Outro ponto, não menos interessante, foi perceber, através da análise de A
felicidade não se compra e Wall Street II: o dinheiro nunca dorme que o “dinheiro” na
época da Crise de 1929 era materializado, conforme a própria fala do personagem
Bailey: quando diz “o dinheiro não está aqui, está na casa dos Kennedy, da sra.

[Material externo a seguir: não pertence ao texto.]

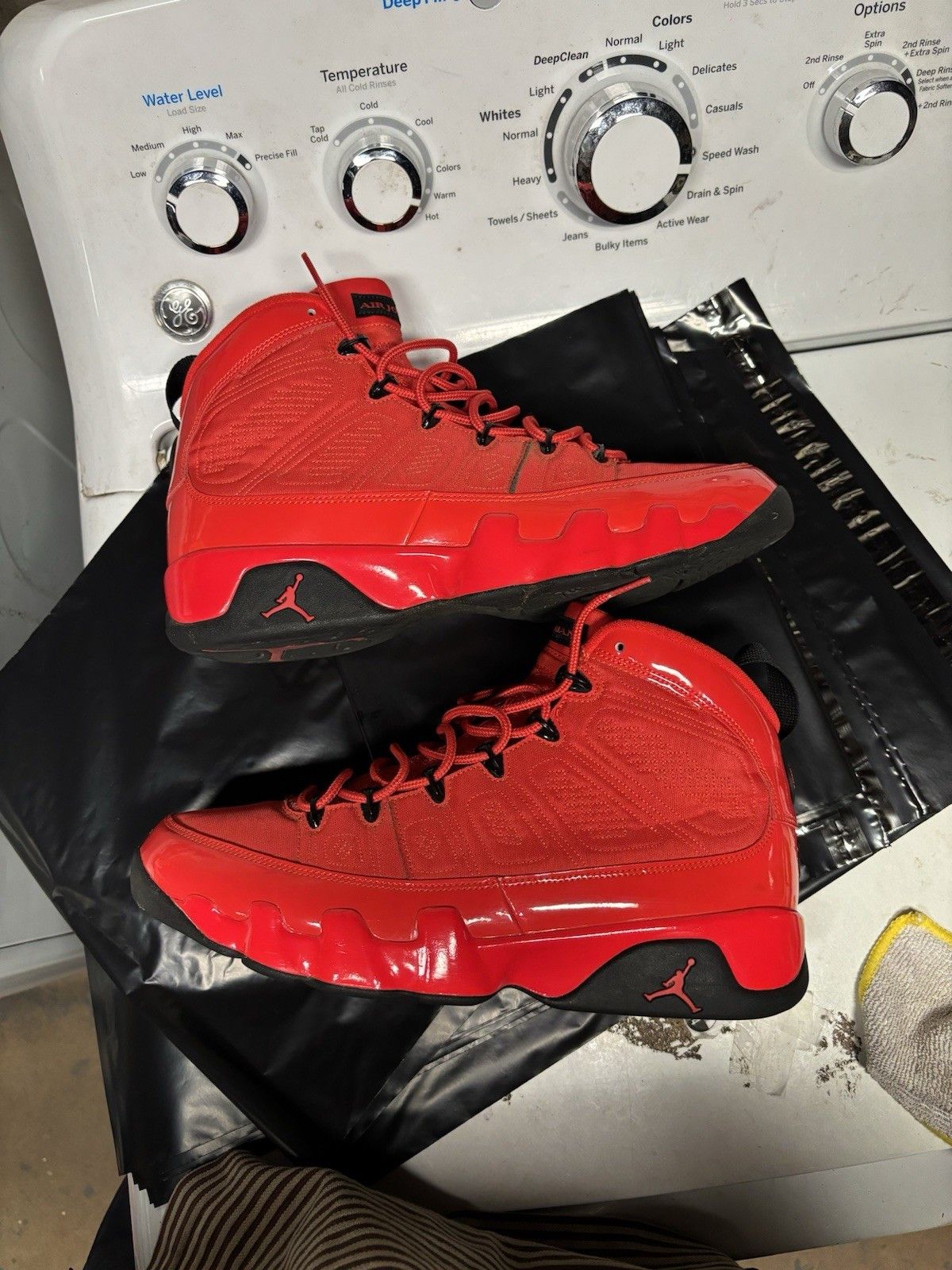 Jordan Brand Air Jordan 9 Chile Red Size US 12 / EU 45 - 1 Thumbnail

Maitland e cem outras” e, ao longo do século XX, mais especificamente na década
de 1980, passou para o universo total da desmaterialização. Em Wall Street II: o
dinheiro nunca dorme, vê-se o dinheiro desmaterializado, virtualizado e totalmente à
deriva do que em economia se chama lastro; aqui falo de uma situação, em que nem
investidores e nem mesmo profissionais de mercado sabem precisar a materialidade
ou o lastro do dinheiro que circula no planeta e, principalmente, em tempos de
“bolhas econômicas”. Por isso, é comum ouvir: - “O chão está cedendo sob nossos
pés”.
Enquanto em A felicidade não se compra a crise está restrita ao capital
econômico e o antídoto é a ética, protestante ou não, em Wall Street II: o dinheiro
nunca dorme a grande temática é a crise moral, pois, se pai (Gekko) rouba a filha
(Winnie), imagina o que os banqueiros fazem com a fortuna de “terceiros”. Não
menos importante, é o distanciamento temporal existente entre os dois filmes.
Enquanto A felicidade não se compra foi produzido em 1946, período inicial do ciclo
de expansão da economia americana após a crise de 1929, quando o ânimo e
otimismo voltam a imperar na vida da sociedade americana, Wall Street II foi
produzido em 2010, no “olho do furacão”.
Também, em A felicidade não se compra, se levarmos em conta que a crise
se deu pela “singela” ou “simbólica” quantia de U$ 8 mil dólares contra os U$ 700
bilhões de dólares pleiteados pelos banqueiros de Wall Street II: o dinheiro nunca
dorme, pode-se chegar a reflexões do tipo: - tanto na vida real, quanto no mundo da
representação econômica dos dois filmes analisados, houve, efetivamente, o
fenômeno econômico da expansão do capital financeiro.
Por fim, para fazer jus à porção de justiça, que segundo Amartya Sen todo
homem espera, tanto em A felicidade não se compra, de Frank Capra,
65
representando a Crise de 1929, quanto em Wall Street II: o dinheiro nunca dorme de
Oliver Stone, representando a Crise de 2008, cheguei à conclusão que o cinema não
educa, mas se levado para o universo didático, tem-se, excepcionalmente, excelente
material para “aulas” de história e economia. As diferenças são positivas até para
esse tipo de utilização dos filmes. Enquanto Frank Capra, nacionalista, acreditava no
sistema, Oliver Stone, por sua vez, panfletário, foi um crítico voraz do sistema. O
filme de Capra, ao contrário da obra de Stone, um filme “direcionado”, um filme que
apresenta uma estratégia política e econômica por parte do diretor e do governo
americano daquela época. Mas, aprendi que isso é cinema. Isso é Hollywood!